BEGIN Data segment

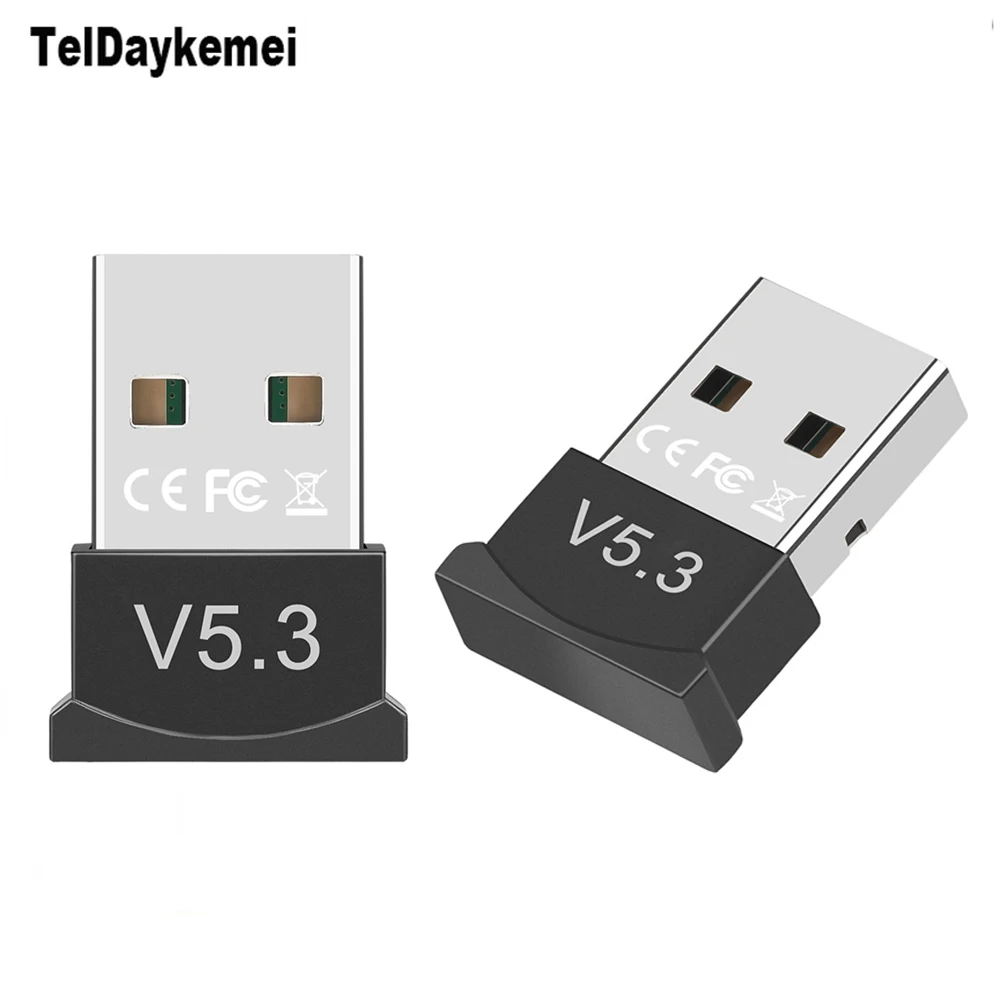

Bluetooth 5.3 USB Adapter Transmitter Receiver Dongle for Computer PC Laptop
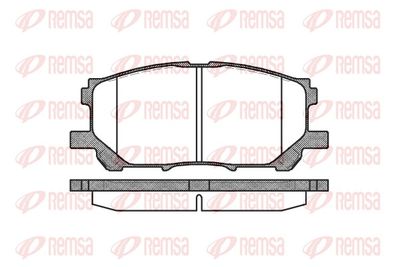 Brake Pad Set, disc brake REMSA 1039.00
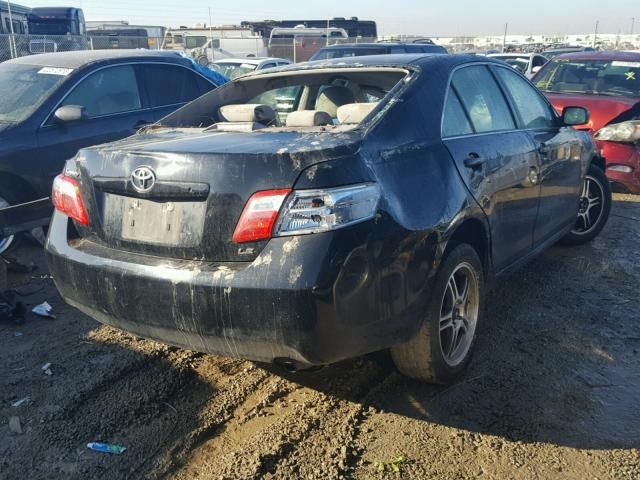 4T1BE46K57U717163 - 2007 TOYOTA CAMRY NEW BLACK photo 4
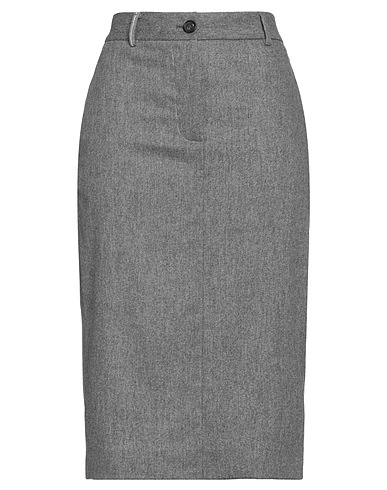 LORENA ANTONIAZZI Midi skirt Grey 98% Virgin Wool, 2% Elastane, Viscose, Polyester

END Data segment

Activity —
Leaving out the pictures, output the listing above exactly as given.

Solution below —
Bluetooth 5.3 USB Adapter Transmitter Receiver Dongle for Computer PC Laptop
 Brake Pad Set, disc brake REMSA 1039.00
 4T1BE46K57U717163 - 2007 TOYOTA CAMRY NEW BLACK photo 4
 LORENA ANTONIAZZI Midi skirt Grey 98% Virgin Wool, 2% Elastane, Viscose, Polyester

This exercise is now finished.